How should I approach a poem like “Dear Reader,” originally published just this year in The New York Review of Books? “Dear reader,” Williams begins, “dearest inscrutable listener inscrutably harking or regrettably more likely not harking.” In fourteen anxious, ungrammatical, sprawling lines, Williams lays out the developing series of relationships between reader and writer over the course of a literary career. There’s the ideal reader the poet creates for himself as he labors in obscurity, a real reader whom the poet—glad to finally have an audience!—is eager to please, a more demanding reader who expects confession and autobiography, and finally the reader the poet shuts out of his imagination because the pressure to please all parties is simply too much to handle.
In tracing this arc it seems Williams is closing the book on his career; now it seems he really was saying farewell to poetry. Or it would seem so if not for these final lines in which he transcends or rather embraces the pressures of being answerable to a readership:
… I swore when they barbed me
I’d keep to myself forever though I know now there’s never forever and know too dear reader
here with me in one way or another that there aren’t any mysteries I’d still care to conceal
so as long as you’re out there nose in a book at your end of the page I’ll keep scribbling at mine
“Dear Reader” is a poem about the complications and pleasures of communication, but mostly the pleasures. Despite the profession’s many difficulties, Williams decides to keep writing. “So long as you’re … at your end of the page I’ll keep scribbling at mine”—it’s like two kids with a tin can phone. The writing life is playful and intimate.
But (and pardon me if this is being too blunt) what does all that even mean when the poet is dead? If we read well and experience that playfulness and intimacy, who are we being playful and intimate with? Williams is no longer present in or present for the poem. Last week he was, but this week he isn’t. I renew the question: has the poem been transformed by its author’s death?

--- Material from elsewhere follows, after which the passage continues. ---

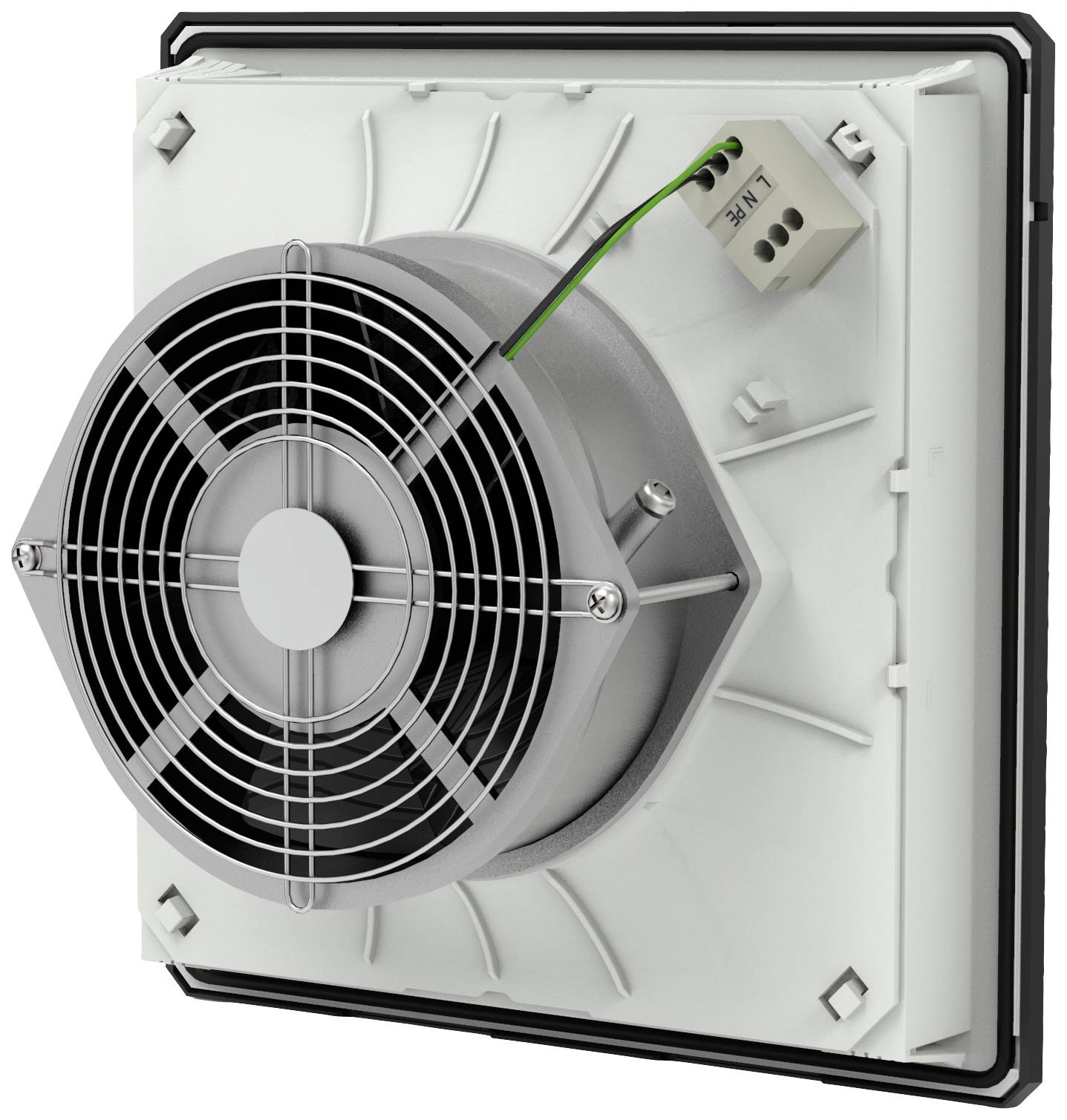 A square ventilation fan with a protective grille, cable connection and mounting parts attached to a white plastic frame.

Perhaps it’s easier to examine the issue from a distance, looking at a poet long dead. Like C.K. Williams, Walt Whitman wrote in poetic lines so long they threatened to spill off the page. In his exhaustive litanies of characters and scenes from American life, Whitman bundles more and more of the world into his wild, unruly lines, not just praising democratic openness and inclusion but embodying it. I open to a random page in Leaves of Grass and find these lines in “Song of Myself”:
By the city’s quadrangular houses — in log huts, camping with lumbermen,
Along the ruts of the turnpike, along the dry gulch and rivulet bed,
Weeding my onion-patch or hoeing rows of carrots and parsnips, crossing savannas, trailing in forests,
Prospecting, gold-digging, girdling the trees of a new purchase,
Scorch’d ankle-deep by the hot sand, hauling my boat down the shallow river…
Whitman won’t reveal the subject and verb of this sentence for nearly a hundred lines, and by that point they’re fairly irrelevant. What matters is the irresistible crescendo of participial phrases—camping, weeding, hoeing, crossing, trailing, prospecting, girdling, hauling—the only proper response to which is imaginative participation, a blurring of the line between writer and reader. We join the parade of images, swept up in these unhalting breathless lines, and share in Whitman’s subjectivity. Is it Whitman’s song of himself or my song of myself? It makes no difference. Reader and writer are united in the song.
There’s something similar happening in “Dear Reader.” Williams’ long, unpunctuated lines require the reader to intuit the pauses and logical shifts in the text. Reading Williams is participatory, an act of co-creation. Is that the meaning of his last line, “so long as you’re … at your end of the page I’ll keep scribbling at mine”? Perhaps Williams was anticipating his death in this poem, and providing a sort of safeguard against it: I’m only dead if I go unread.
But it simply isn’t so. As much as I might wish it were so, I can’t say that Williams or any poet is still with us through poetry. Most of us want to believe that great achievements and good deeds can earn us some kind of immortality, and it would be fine to believe this if it didn’t so undervalue the individual human life. A human being, no matter how talented, is always greater and more important than her or his creations. In the most profound of senses, C.K. Williams is gone. In time we can read him like any of the other great poets who have passed, with the critical distance we grant the lost. But not yet. There’s a time to mourn, a time to step back and say, “So long, dear writer.”